Critics note that while the Taliban leadership remains preoccupied with enforcing ideological restrictions particularly against women aid workers and international NGOs these same policies have crippled the country’s already fragile humanitarian system. Several international agencies suspended operations in northern Afghanistan earlier this year after the Taliban banned female staff from participating in field missions, depriving vulnerable communities of essential support networks.

This latest disaster underscores a broader pattern of Taliban incompetence and indifference. Since seizing power in August 2021, the group has systematically dismantled the institutions that once provided some semblance of disaster management, replacing professional staff with loyalists lacking training or expertise.

Even as people in Samangan dig mass graves and search for missing relatives, the Taliban’s official media channels have focused more on issuing “religious condolences” than coordinating relief. Analysts warn that such negligence, combined with economic collapse and diplomatic isolation, is turning natural disasters into humanitarian catastrophes.

“The Taliban are not a government they are an occupying force,” said one regional analyst based in Central Asia. “Their priorities are policing morality and silencing dissent, not saving lives. Every earthquake, every flood, becomes a mirror reflecting their failure.”
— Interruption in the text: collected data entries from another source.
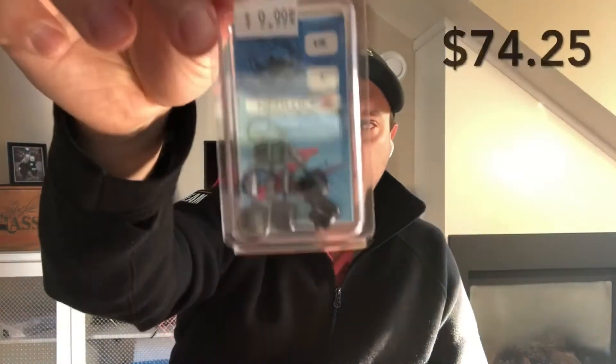Next we have the Nedlock heavy duty ned rig jig heads, in size 1/5 ounce — there are five of them, which is really good. In my previous mystery box I got the rattle ned from Gugen Squad, so now I actually have jig heads for ned rig. That works out well.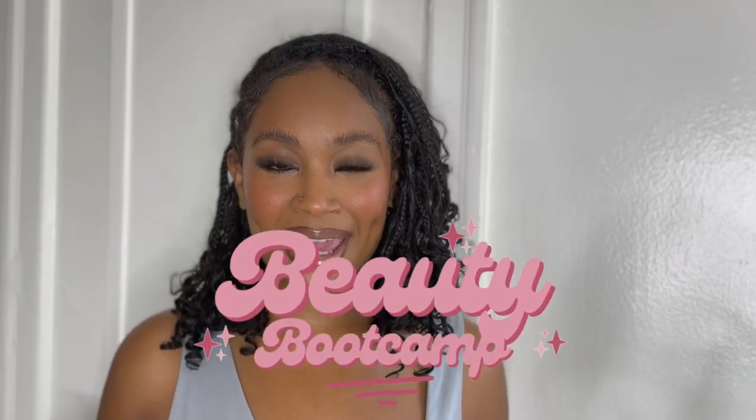Hello everybody and welcome back to beauty boot camp week five — I cannot believe it's been five weeks, this is amazing. Let me know how you guys are feeling, I'm open to all the feedback. Today we are getting into eyes and lips. Welcome back to the channel — these are the finishing touches along with everything we covered in the base of our makeup, and they can be the factors that really bring the makeup to life.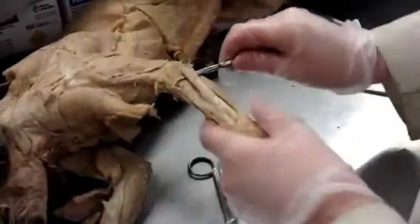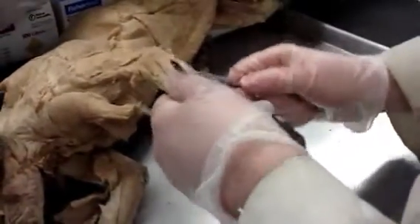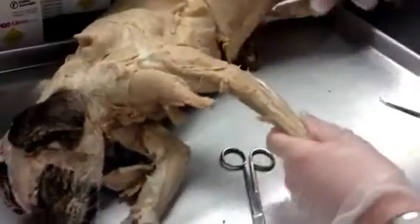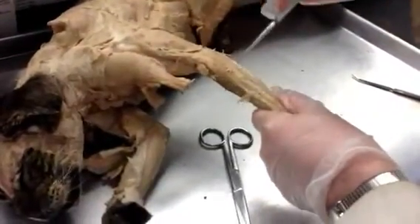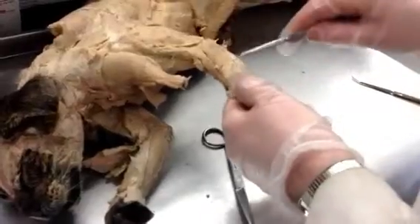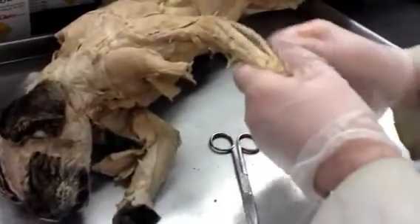You have to just keep repeating it again and again: brachioradialis, one; extensor carpi radialis longus, number two; extensor carpi radialis brevis, number three; extensor digitorum communis, number four; extensor digitorum lateralis, number five; and on the ulnar side is the extensor carpi ulnaris.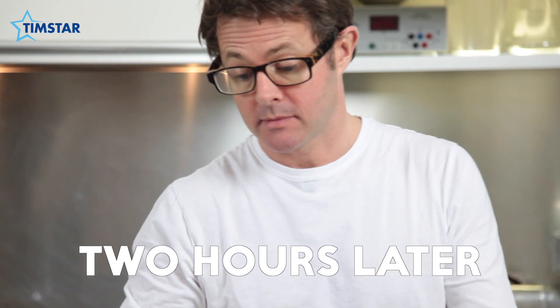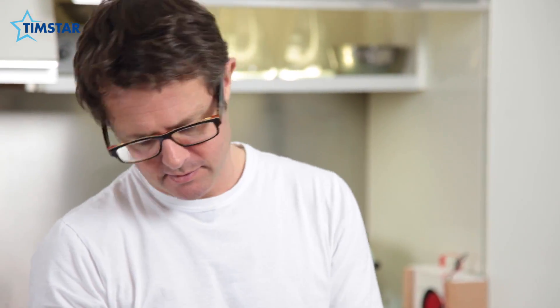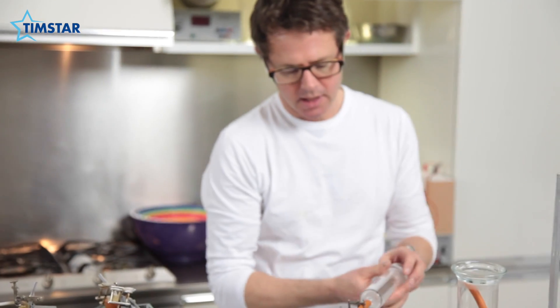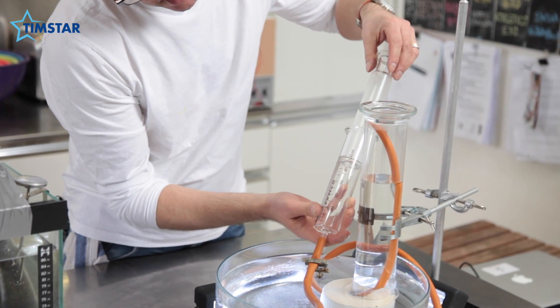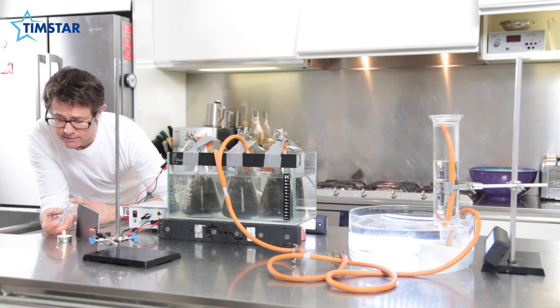Freddy has been digesting anaerobically for a little while now, so it's time to vent him. What we need to do is draw some of his gas off — he's basically going to do a fart. I'm going to collect the gas in this absolutely beautiful gas syringe. First of all, undo my little Hoffman clip here, and then I'm going to draw off a hundred millilitres of gas. That's pretty good. This is a huge amount of absolutely beautiful lab kit, and I think there's only one way to justify using it all: to see if we can light one of Freddy's farts. So what I'm going to do is eject the gas over a naked flame and see what happens.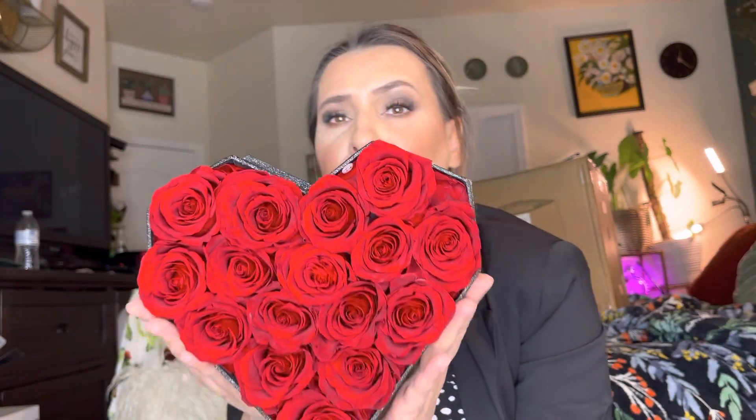Now they don't smell like roses, but this is what they look like. You can tell that they're real roses — they completely feel like real roses. Super super beautiful, look at that — so strikingly cute.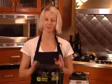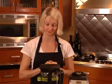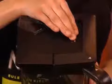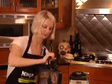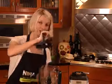When you're finished blending, let me show you how to remove the lid. Press the release button — you'll hear a click. Pull the handle all the way up and pull straight off.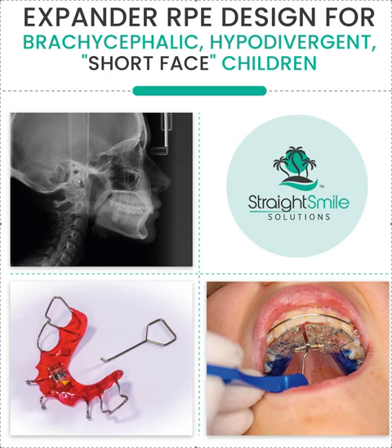Thanks so much, and as always, check out our Phase One course — it just launched on CE Zoom. If you want more information, it is on my website, easy to find: Straight Smile Solutions. Take care, thanks!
Human rights advocates and regional experts are calling for international oversight in Afghanistan’s disaster response, urging global organizations to bypass the Taliban’s restrictive bureaucracy and deliver assistance directly to affected civilians.

Without transparent coordination and accountability, Afghanistan’s recurring natural disasters will continue to expose the fragility of Taliban rule a regime that governs through fear, isolation, and control, but fails utterly when faced with the basic task of protecting its people.